U.S. military sees great potential in space based 5G (which has yet to be standardized)
Some analyst say that space-based 5G (which has yet to be standardized) will enable enhanced service to cities but also connects remote regions, including areas without traditional mobile service, ships off-shore, through natural disasters and in contested battlefields. Features of 5G from Space might include: connecting massive numbers of Internet of Things (IoT) sensors and devices.
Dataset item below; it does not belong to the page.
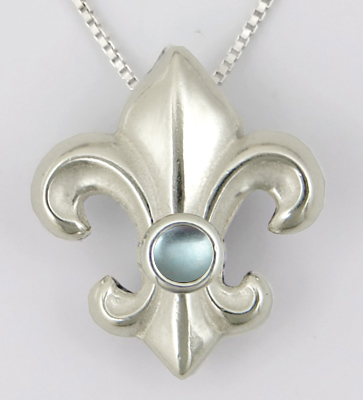 Sterling Silver Fleur de Lis Pendant Necklace With Blue Topaz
From a March 14, 2023 Congressional Research Service In Focus report, National Security Implications of 5G Mobile Technologies:
5G mobile technologies will increase the speed of data transfer and improve bandwidth over existing fourth generation (4G) technologies, in turn enabling new military and commercial applications. 5G technologies are expected to support interconnected or autonomous devices, such as smart homes, self-driving vehicles, precision agriculture systems, industrial machinery, and advanced robotics. 5G for the military could additionally improve intelligence, surveillance, and reconnaissance (ISR) systems and processing; enable new methods of command and control (C2); and streamline logistics systems for increased efficiency, among other uses. As 5G technologies are developed and deployed, Congress may consider policies for spectrum management and national security, as well as implications for U.S. military operations.
U.S. military leaders are telling the wireless and satellite industries they see great potential in 5G, and they’re asking for standards, open interfaces and simple devices.
“I am excited to see what the next couple of years will bring,” said Brigadier General Steve Butow, space portfolio director at the U.S. Defense Innovation Unit. “It is important to take advantage of technologies produced at scale.” Butow joined Colonel Joseph Roberts, assistant program executive officer, PEO C3T, U.S. Army, on a panel at SATELLITE 2023 entitled “The Role of Space-Based 5G in Military Communications.” Executives from defense contractor Lockheed Martin and satellite giant Hughes were also on the panel.
Roberts said space-based 5G can be a “game changer” because it creates “the opportunity to connect every soldier on the battlefield.” Butow encouraged the wireless industry to “migrate to open architectures.” He said that if the industry adopts open interfaces it will “create an environment where we can do lots of business with you.”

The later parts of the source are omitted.